The villains of the novel stem from Esmeralda’s presence. First there is Capitan Phoebus who wants to take advantage of her. He was not all bad; he had saved her from kidnapping early in the story. But he did not remember her name or acknowledge her beyond his selfish cravings to possess her; he knew she was infatuated with him. Then, there is the priest Dom Frollo who, just in the priest in The Monk, struggles to repress his desire to no avail. Some commentary I’ve read suggests that we should sympathize with Dom Frollo. He does do good things in his life, from raising his orphaned brother to adopting the horrific looking Quaismodo. Yet, just as with Ambrosio in The Monk, I cannot sympathize with a hypocritical seducer like Dom Frollo. Finally, by the end of the novel, the masses of Parisians desire Esmeralda dead mostly because they consider her a heathen worshiper. Although Esmeralda is exotic and intriguing to them with her dancing and her talented goat, in the end her admiring masses abandon her to her fate.
Esmeralda also is central to the story in her friends. The mass of gypsies come to rescue her. Quasimodo, of course, saves her from hanging at least twice and lovingly takes care of her in the haven of Notre-Dame without abusing her trust. And then the scholar Gringoire is a good man, and when he marries her, he respects her desire for chastity. Gringoire causes a problem for me, however, in the end, when he abandons her to Dom Frollo to save the goat. Why did he do that?
And then we come to the edifice of Notre-Dame herself. I must admit that Victor Hugo’s ramblings on the importance of architecture made me a little crazy. Reading those passages made me want to quit the book because it seemed to go on forever. But I made it through. Notre-Dame the church was falling apart when Hugo wrote his novel, left to the neglect of ages and the violence of the French Revolution less than 50 years earlier. But Hugo argues that Notre-Dame and architecture in general is a symbol of the people’s thought:
“Sometimes a portal, a façade, and entire church, presents a symbolical sense absolutely foreign to worship, or even hostile to the Church. … Thought was then free only in this manner; hence it never wrote itself out completely except on the books called edifices. Thought, under the form of edifice, could have beheld itself burned in the public square by the hands of the executioner, in its manuscript form. … In this manner, under the pretext of building churches to God, art was developed in its magnificent proportions.” (page 146, Project Gutenberg EPUB edition)

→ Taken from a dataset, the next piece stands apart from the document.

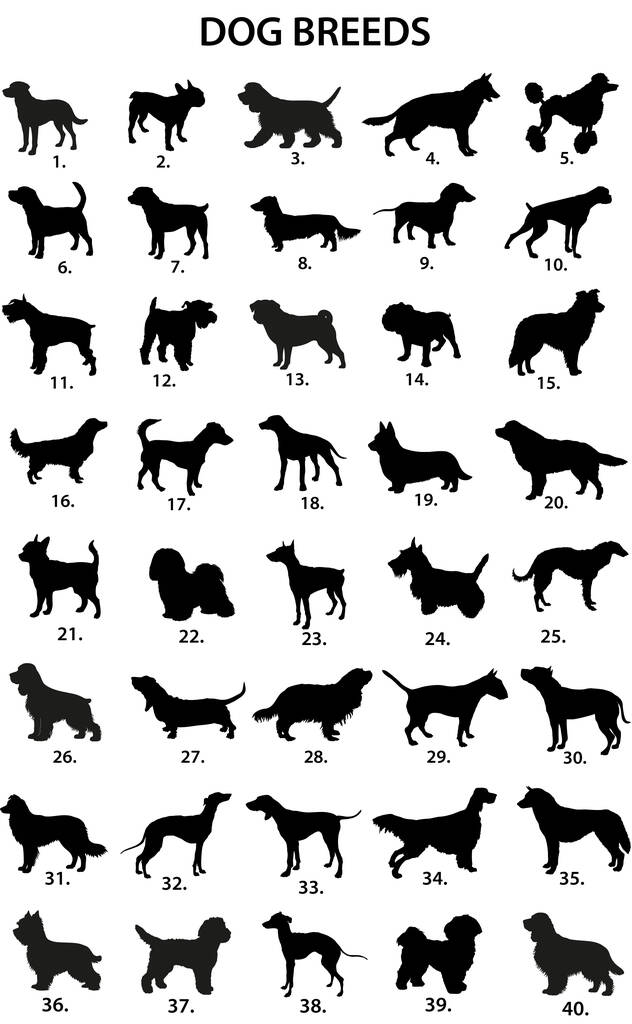 Personalised Pet Name And Shape Christmas Decoration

From Quasimodo’s perch on the belfries of Notre-Dame, he (and Dom Frollo) are able to see all of Paris. It is central to Paris, and Hugo may be suggesting (ironically) that Notre-Dame is a symbol of the city’s underlying Christianity. Just as Quasimodo’s ugliness is deceptive (he’s kind and gentle) and Esmeralda’s heathen ways are trained (she’s the missing daughter of a famous Parisian), Notre-Dame as a symbol of Christianity may be considered a scandalous concept. The priest in whose charge the edifice rests in is corrupt, and the novel about Our Lady’s Cathedral is a violent contrast between the “heathen” gypsies, who are actually rather reasonable, and the cruel, unforgiving Christians. Appearances can be deceiving.
I think that simple concept must be the underlying significance of the novel: appearances versus reality. As a romantic novel, there is much exaggeration and drama, but in the end, Hugo’s novel gives a sense of irony to the drama. The novel provides much to consider.

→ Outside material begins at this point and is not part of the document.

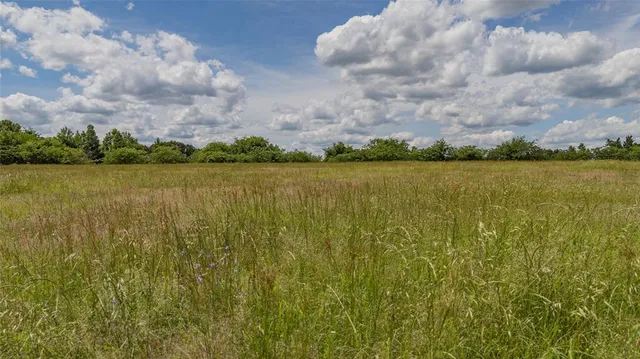 a view of outdoor space and yard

There is much more symbolism I haven’t touched upon: the spider and the fly metaphor, the bones turning to dust, even the details of Notre-Dame’s architecture. There is much that could be dissected in Hugo’s novel. Suffice it to say, while I didn’t love it, I was very enthralled by the novel by the time I reached the end. I loved Quaismodo and Esmeralda and I couldn’t wait to see how their story was resolved.